EXERCISE DETAILS:
Return all of the entries below, word for word. Omit each picture.

[Short descriptive text snippets]

=======

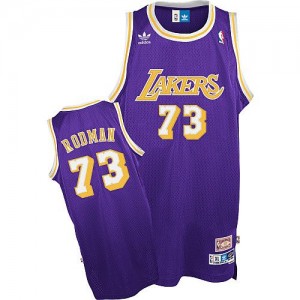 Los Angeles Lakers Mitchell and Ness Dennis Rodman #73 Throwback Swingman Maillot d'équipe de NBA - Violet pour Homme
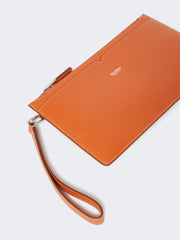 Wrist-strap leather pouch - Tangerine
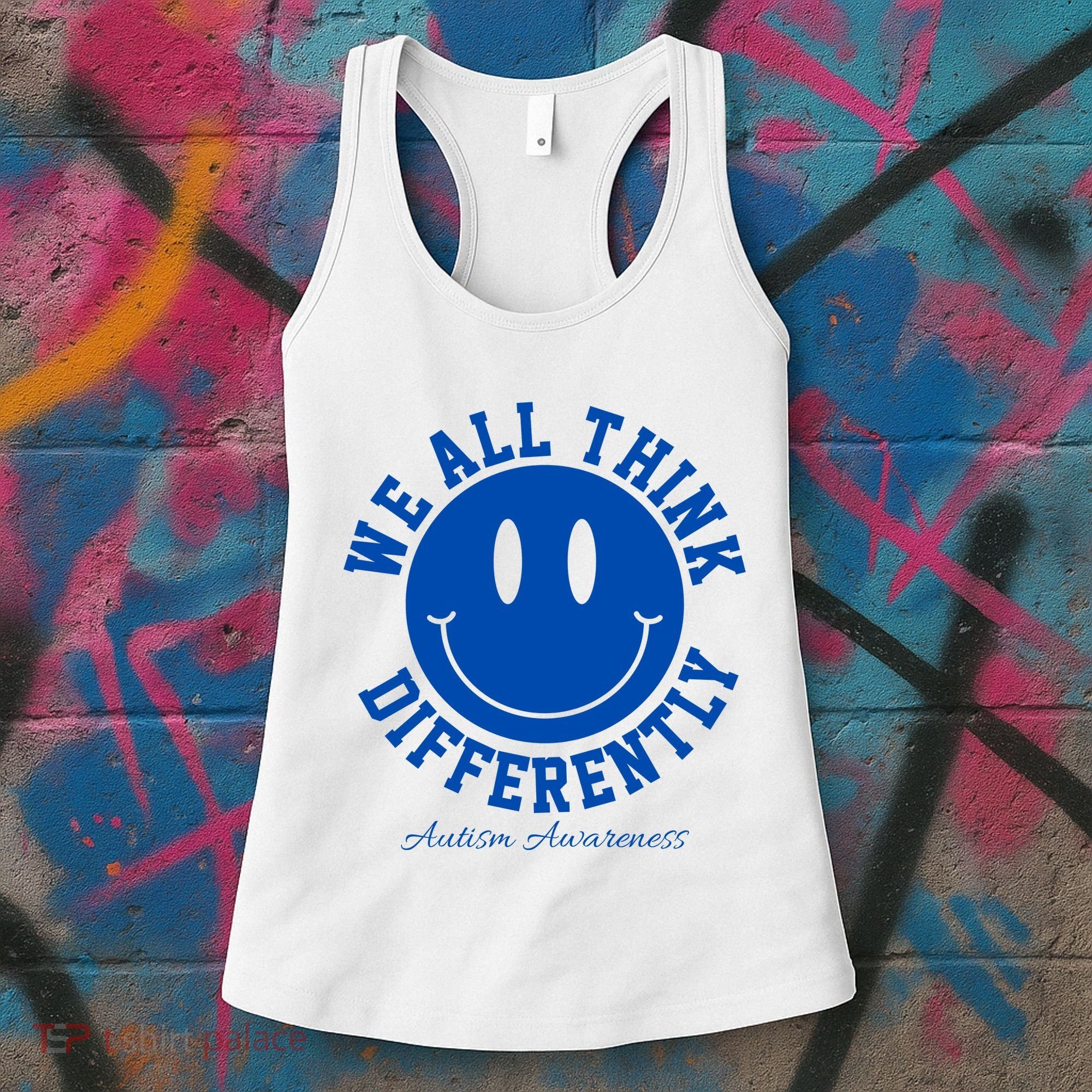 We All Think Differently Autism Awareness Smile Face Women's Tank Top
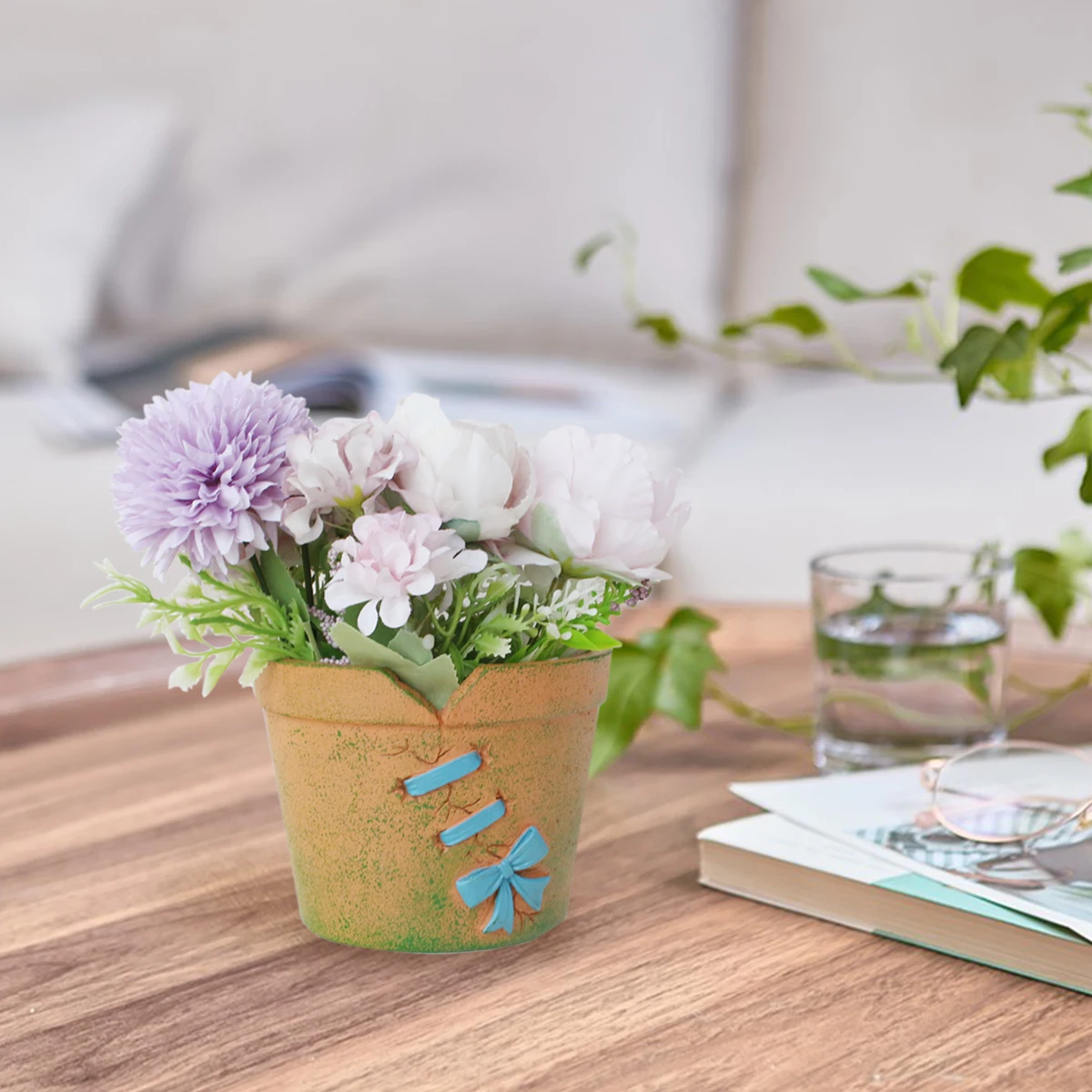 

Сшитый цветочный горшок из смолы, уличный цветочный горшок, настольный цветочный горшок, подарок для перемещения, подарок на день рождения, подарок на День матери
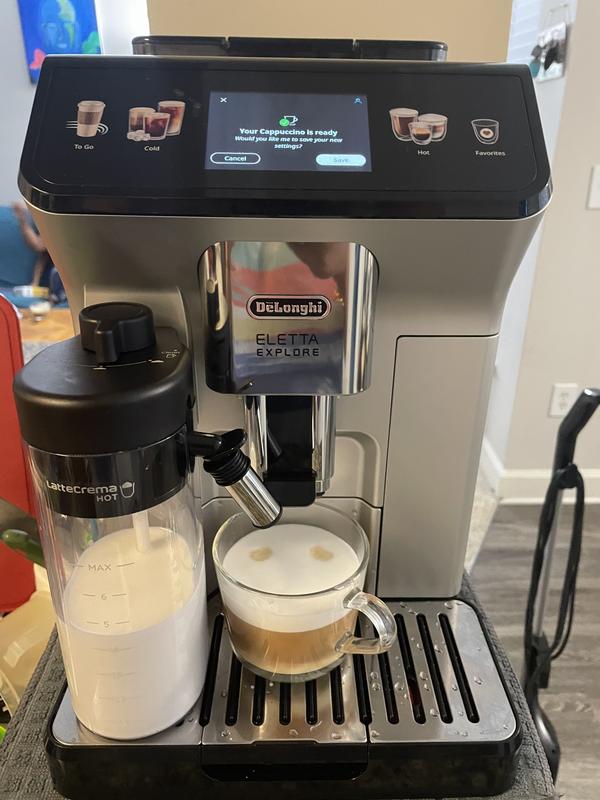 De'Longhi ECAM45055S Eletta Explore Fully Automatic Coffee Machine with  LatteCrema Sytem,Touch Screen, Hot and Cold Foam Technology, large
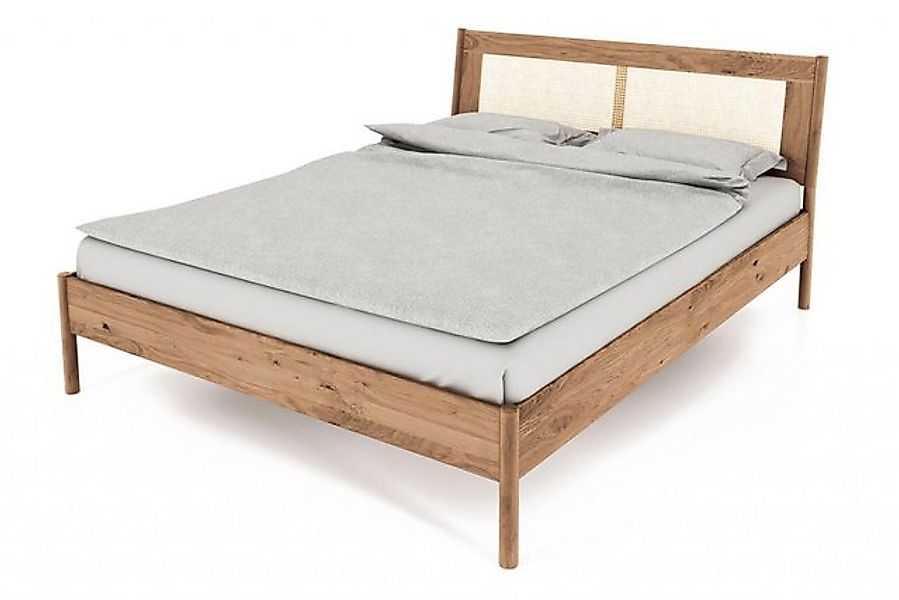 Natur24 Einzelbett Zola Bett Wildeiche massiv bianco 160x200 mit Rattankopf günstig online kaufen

=======

ANSWER BOX:
 Los Angeles Lakers Mitchell and Ness Dennis Rodman #73 Throwback Swingman Maillot d'équipe de NBA - Violet pour Homme
 Wrist-strap leather pouch - Tangerine
 We All Think Differently Autism Awareness Smile Face Women's Tank Top

Сшитый цветочный горшок из смолы, уличный цветочный горшок, настольный цветочный горшок, подарок для перемещения, подарок на день рождения, подарок на День матери
 De'Longhi ECAM45055S Eletta Explore Fully Automatic Coffee Machine with  LatteCrema Sytem,Touch Screen, Hot and Cold Foam Technology, large
 Natur24 Einzelbett Zola Bett Wildeiche massiv bianco 160x200 mit Rattankopf günstig online kaufen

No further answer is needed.